Bayesian Optimization (BO)

Bayesian Optimization (베이지안 최적화) 란?

베이지안 최적화.

어디서부터 시작했는지는 모르겠지만, Gaussian Process Regression (GPR) 을 하다가 어느 순간부터 Bayesian의 세계로 빨려 들어가고 있는 것 같다.

요즘은 정말 아무 생각없이 의식의 흐름에 따라 공부하고 있는 것 같다.그래도 재밌는 것은 나름 흥미를 느끼고 있다.
도시에 처음 올라와 모든 것이 신기한 🐭 시골 쥐의 AI 도시 탐방기 같다.

본 글은 A tutorial on bayesian Optimization (2018) [1] 논문을 기반으로 이해하면서 필요한 내용들을 더해나가는 형식으로 작성하였다.

우선, Bayesian optimization에 대하여 wikipedia를 검색해보면 다음과 같다 [2].

Bayesian optimization is a sequential design strategy for global optimization of black-box functions that does not assume any functional forms. It is usually employed to optimize expensive-to-evaluate functions.

뭔가 이해하기가 어려워, 좀 더 쉽게 풀이한 부분을 찾아보았다 [3].

Bayesian Optimization provides a principled technique based on Bayes Theorem to direct a search of a global optimization problem that is efficient and effective.
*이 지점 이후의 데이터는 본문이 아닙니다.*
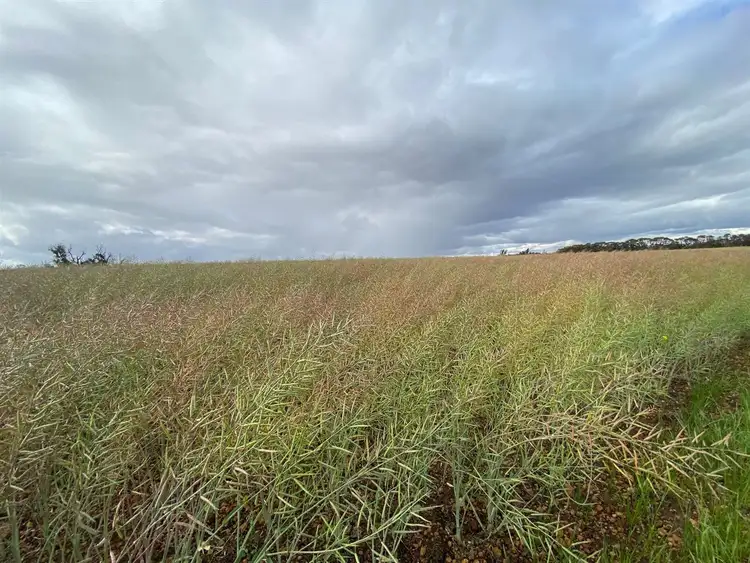 Seventh view of Homely rural property listing, 540 Rees Road, Bokal WA 6392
It works by building a probabilistic model of the objective function, called the surrogate function, that is then searched efficiently with an acquisition function before candidate samples are chosen for evaluation on the real objective function.

정리하자면 베이지안 최적화란 목적함수 (objective function, f)를 최대화 혹은 최소화하는 최적해를 찾는 기법으로 베이지안 정리를 기반으로 하고 있다. 또한, 이는 objective function과 acquisition function이라는 두 개의 큰 요소로 구성되어 있다 [1].

BayesOpt consists of two main components : a Bayesian statistical model for modeling the objective function, and an acquisition function for deciding where to sample next.

그런데, 여기서 확인하고 가야 할 부분이 있다. 일부 글에서는 베이지안의 최적화는 surrogate model과 acquisition function로 구성되어 있다고도 하는데, 사실 둘 다 맞는 말이라고 생각한다. surrogate model이란 literally 대리(대용) 모델 로 목적함수인 objective function을 추정하는 ML모델로, Gaussian Process Regression (GPR) 을 사용하고 있다. 따라서 objective function + surrogate model + acquisition function 이 삼총사가 베이지안 최적화의 주요 구성 요소들이라고 기억하면 좋을 것 같다.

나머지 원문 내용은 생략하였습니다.